Collected data:
• • • •

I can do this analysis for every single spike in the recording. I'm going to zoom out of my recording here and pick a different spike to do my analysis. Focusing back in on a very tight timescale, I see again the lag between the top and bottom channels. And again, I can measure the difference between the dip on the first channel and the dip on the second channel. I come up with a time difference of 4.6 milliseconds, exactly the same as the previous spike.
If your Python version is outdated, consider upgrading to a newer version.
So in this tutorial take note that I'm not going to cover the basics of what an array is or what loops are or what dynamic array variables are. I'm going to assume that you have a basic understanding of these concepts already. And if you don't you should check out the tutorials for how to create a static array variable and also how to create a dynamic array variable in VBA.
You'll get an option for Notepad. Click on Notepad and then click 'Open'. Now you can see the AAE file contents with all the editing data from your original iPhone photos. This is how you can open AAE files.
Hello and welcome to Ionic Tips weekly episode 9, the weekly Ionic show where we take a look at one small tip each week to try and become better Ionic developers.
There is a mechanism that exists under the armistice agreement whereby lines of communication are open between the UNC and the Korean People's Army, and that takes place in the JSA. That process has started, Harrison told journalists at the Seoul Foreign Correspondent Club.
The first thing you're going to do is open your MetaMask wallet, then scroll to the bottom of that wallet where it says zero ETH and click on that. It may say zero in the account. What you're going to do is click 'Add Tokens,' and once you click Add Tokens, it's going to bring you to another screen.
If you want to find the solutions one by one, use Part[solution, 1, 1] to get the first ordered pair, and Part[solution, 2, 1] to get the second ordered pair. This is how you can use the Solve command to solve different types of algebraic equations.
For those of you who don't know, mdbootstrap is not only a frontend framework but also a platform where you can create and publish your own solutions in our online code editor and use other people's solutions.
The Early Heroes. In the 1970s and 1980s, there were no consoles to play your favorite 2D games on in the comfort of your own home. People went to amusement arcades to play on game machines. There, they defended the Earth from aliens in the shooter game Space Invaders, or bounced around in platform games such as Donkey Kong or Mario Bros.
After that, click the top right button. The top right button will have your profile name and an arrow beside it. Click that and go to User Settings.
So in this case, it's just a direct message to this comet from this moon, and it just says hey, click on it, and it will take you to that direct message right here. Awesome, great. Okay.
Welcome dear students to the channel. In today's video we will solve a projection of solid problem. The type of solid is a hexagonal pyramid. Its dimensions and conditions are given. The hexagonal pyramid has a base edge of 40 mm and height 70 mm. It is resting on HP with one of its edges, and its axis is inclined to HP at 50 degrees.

• • • •

Every record, from top to bottom, must be transcribed exactly.

I can do this analysis for every single spike in the recording. I'm going to zoom out of my recording here and pick a different spike to do my analysis. Focusing back in on a very tight timescale, I see again the lag between the top and bottom channels. And again, I can measure the difference between the dip on the first channel and the dip on the second channel. I come up with a time difference of 4.6 milliseconds, exactly the same as the previous spike.
If your Python version is outdated, consider upgrading to a newer version.
So in this tutorial take note that I'm not going to cover the basics of what an array is or what loops are or what dynamic array variables are. I'm going to assume that you have a basic understanding of these concepts already. And if you don't you should check out the tutorials for how to create a static array variable and also how to create a dynamic array variable in VBA.
You'll get an option for Notepad. Click on Notepad and then click 'Open'. Now you can see the AAE file contents with all the editing data from your original iPhone photos. This is how you can open AAE files.
Hello and welcome to Ionic Tips weekly episode 9, the weekly Ionic show where we take a look at one small tip each week to try and become better Ionic developers.
There is a mechanism that exists under the armistice agreement whereby lines of communication are open between the UNC and the Korean People's Army, and that takes place in the JSA. That process has started, Harrison told journalists at the Seoul Foreign Correspondent Club.
The first thing you're going to do is open your MetaMask wallet, then scroll to the bottom of that wallet where it says zero ETH and click on that. It may say zero in the account. What you're going to do is click 'Add Tokens,' and once you click Add Tokens, it's going to bring you to another screen.
If you want to find the solutions one by one, use Part[solution, 1, 1] to get the first ordered pair, and Part[solution, 2, 1] to get the second ordered pair. This is how you can use the Solve command to solve different types of algebraic equations.
For those of you who don't know, mdbootstrap is not only a frontend framework but also a platform where you can create and publish your own solutions in our online code editor and use other people's solutions.
The Early Heroes. In the 1970s and 1980s, there were no consoles to play your favorite 2D games on in the comfort of your own home. People went to amusement arcades to play on game machines. There, they defended the Earth from aliens in the shooter game Space Invaders, or bounced around in platform games such as Donkey Kong or Mario Bros.
After that, click the top right button. The top right button will have your profile name and an arrow beside it. Click that and go to User Settings.
So in this case, it's just a direct message to this comet from this moon, and it just says hey, click on it, and it will take you to that direct message right here. Awesome, great. Okay.
Welcome dear students to the channel. In today's video we will solve a projection of solid problem. The type of solid is a hexagonal pyramid. Its dimensions and conditions are given. The hexagonal pyramid has a base edge of 40 mm and height 70 mm. It is resting on HP with one of its edges, and its axis is inclined to HP at 50 degrees.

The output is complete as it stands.